Le secteur Perche – Sarthe – Eure-et-Loir (figure 2) se caractérise aussi par un fonctionnement « intégré » et « asymétrique », mais avec dans son cas une partie normande plus dépendante de la face externe. En effet, 20 % des actifs du côté normand travaillent dans la partie extrarégionale de la frange, surtout à Nogent-le-Rotrou et à La-Ferté-Bernard, la proportion étant deux fois inférieure pour les flux inverses. Les deux versants de ce territoire se distinguent également par leurs tendances démographiques : la population de la partie normande est plus âgée et en faible croissance, elle est plus dynamique et plus jeune dans les parties eurélienne et sarthoise, notamment grâce à un excédent migratoire vis-à-vis de la région parisienne. Le niveau de vie dans ce territoire est relativement élevé dans l’ensemble, et l’offre d’équipements et de services y est diversifiée, particulièrement du côté “extra-normand” avec les pôles de Nogent-le-Rotrou et de La-Ferté-Bernard. L’activité touristique est peu importante, mais on recense beaucoup de résidences secondaires du côté normand (20 % du parc de logements). Le territoire a bénéficié d’une forte croissance de l’emploi jusqu’au début des années 2010 et d’une bonne résistance de l’industrie, encore très présente (31 % des emplois). L’économie locale est forte de 27 000 emplois pour 25 000 actifs occupés résidents : seulement un actif sur quatre travaille en dehors de la zone, le taux de chômage est très modéré.
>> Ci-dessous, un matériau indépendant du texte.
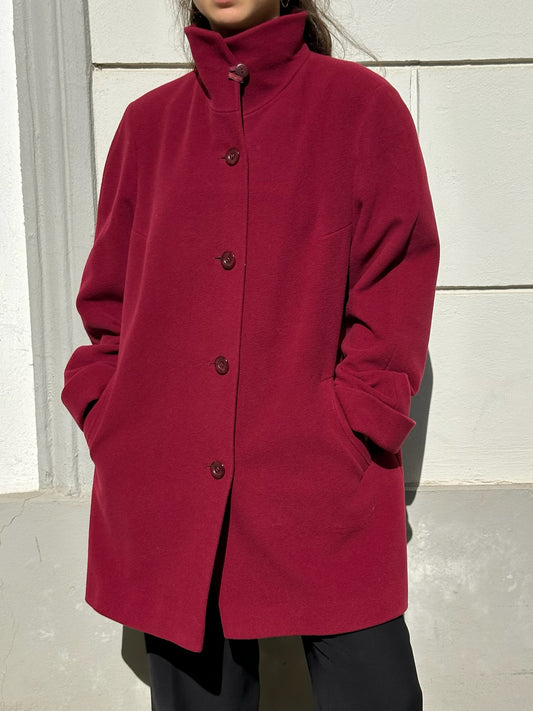 Vintage Wool & Cashmere Deep Red Coat M/L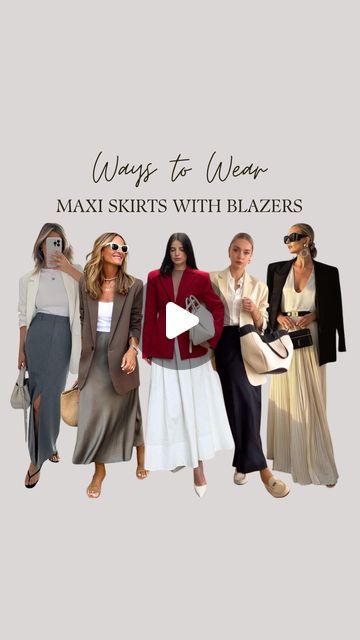 EStyle Expressions │ Style Alchemist  │ Outfit Ideas on Instagram: "Happy Tuesday! 🌟 Discover 5 stylish ways to pair Maxi Skirts with Blazers for a chic office look or a cozy evening out with friends. 🧥✨ 

Which look is your favorite? Drop a comment for links! ⬇️ 

#styletips #capsulewardrobe #maxiskirt #blazerstyle #workwear #officeoutfits #summerstyle #summeroutfits #outfitideas #outfit #outfitinspiration #outfitinspo #ootd #styleguide #stylingtips #styleinspiration #estyle #howtowear #waystowear #waystostyle #eternalstyle #estyleexpressions" Skirts With Blazers, Alchemist Outfit, Business Casual Jacket, Out With Friends, Cozy Evening, Maxi Skirt Outfits, Office Look, Chic Office, Style Mistakes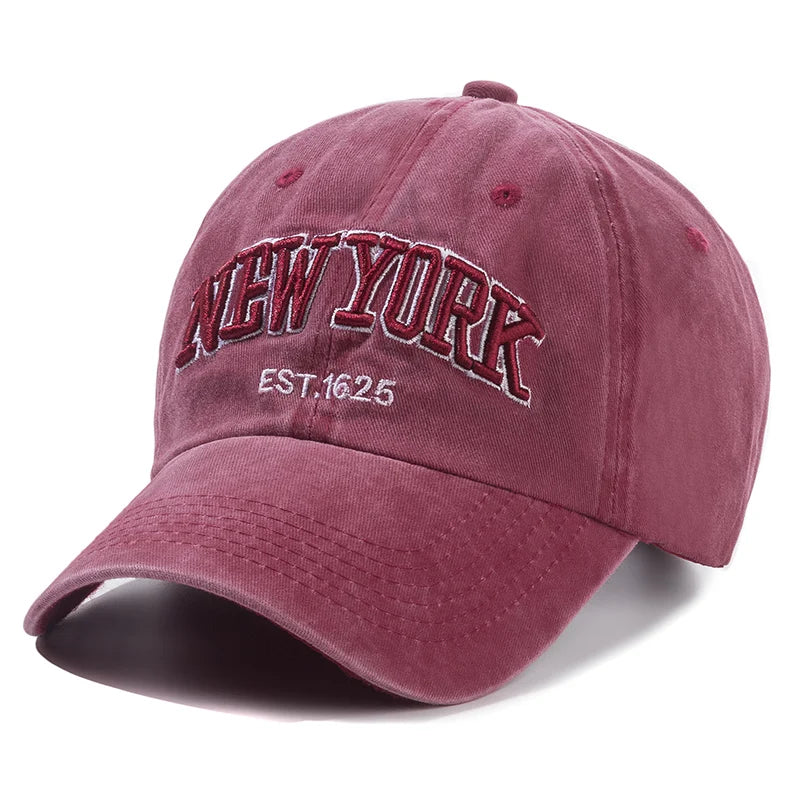 GENERIC New York Washed Cotton Baseball Cap for Men & Women | Adjustable Casual Dad Hat with Sun Protection | Outdoor Snapback Cap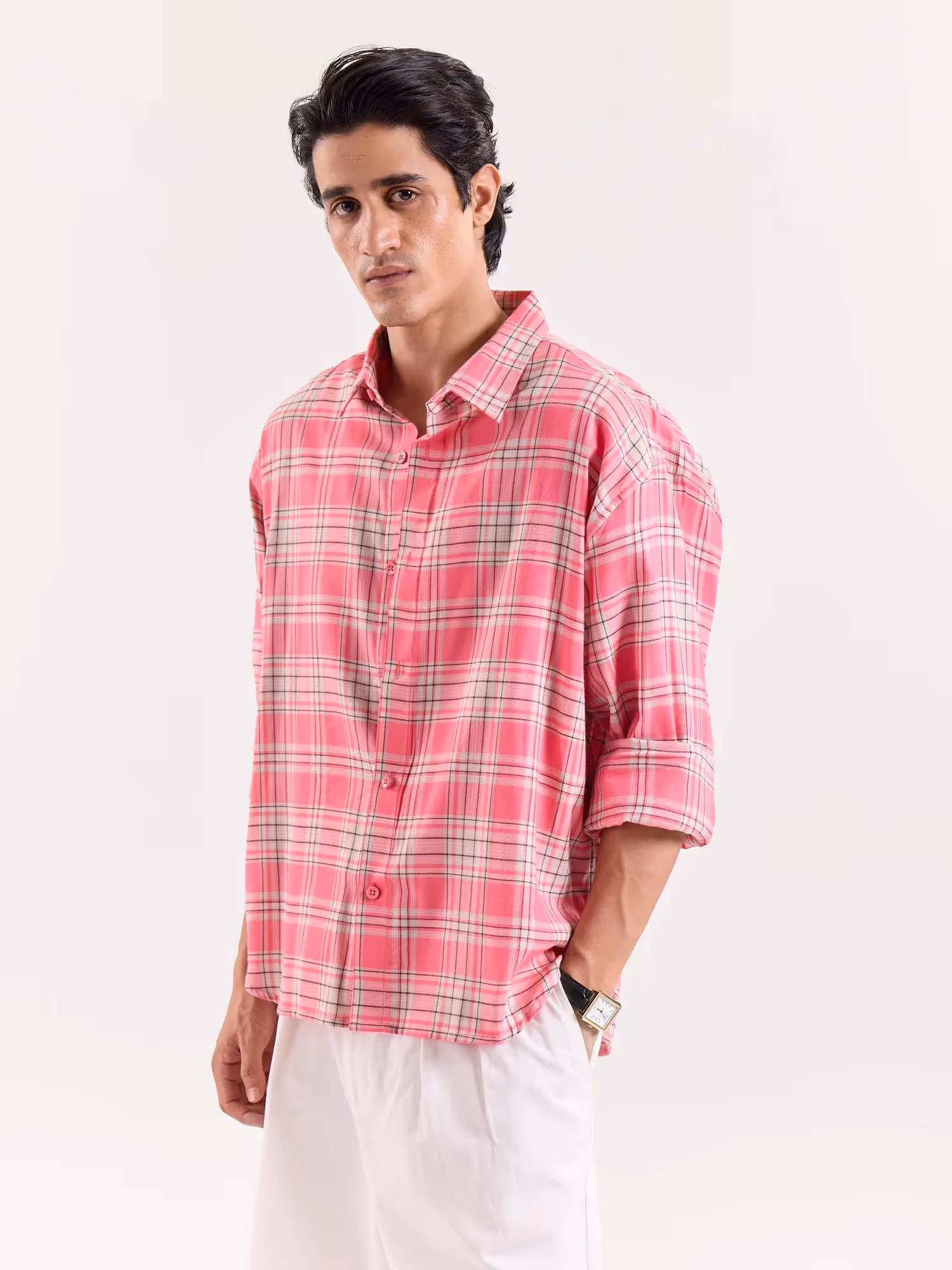 Bright Pink Checkered Cropped Shirt image 5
Deux secteurs de frange moins « intégrés » et plus résidentiels
À l’inverse des territoires précédemment cités, deux secteurs de frange présentent un fonctionnement très peu intégré, Bray – Oise et Sud Eure – Eure-et-Loir (figure 2). Dans les deux cas, les actifs qui passent la limite régionale pour aller travailler ont assez rarement leur emploi dans l’autre versant de la frange, mais le plus souvent dans des pôles d’emploi plus éloignés.
Un tiers de la population du secteur Bray – Oise (soit 12 000 sur 36 000 habitants) est situé dans le département de l’Oise, avec une influence un peu significative de la partie normande, notamment du pôle de Gournay-en-Bray. À l’inverse, les actifs du côté normand sont surtout attirés par le pôle de Beauvais, situé « hors frange ». Le pôle de Formerie, dans l’Oise, a toutefois une petite influence sur le nord de la frange côté normand. Globalement, la population de ce territoire est en augmentation sensible depuis les années 80, notamment grâce à un excédent migratoire de familles avec enfants. Avec seulement 11 000 emplois pour près de 14 000 actifs résidents, et la moitié de ces derniers qui travaillent en dehors de la zone, cette frange apparaît comme de plus en plus « résidentielle ». L’emploi est relativement stable depuis plusieurs décennies (avec une assez bonne résistance de l’industrie locale, spécialisée dans les filières automobile et agroalimentaire). Seulement trois communes sont considérées comme pôles de services intermédiaires (Gournay-en-Bray, Forges-les-Eaux, Formerie), et le territoire bénéficie de peu d’équipements supérieurs, en particulier dans le domaine de la santé.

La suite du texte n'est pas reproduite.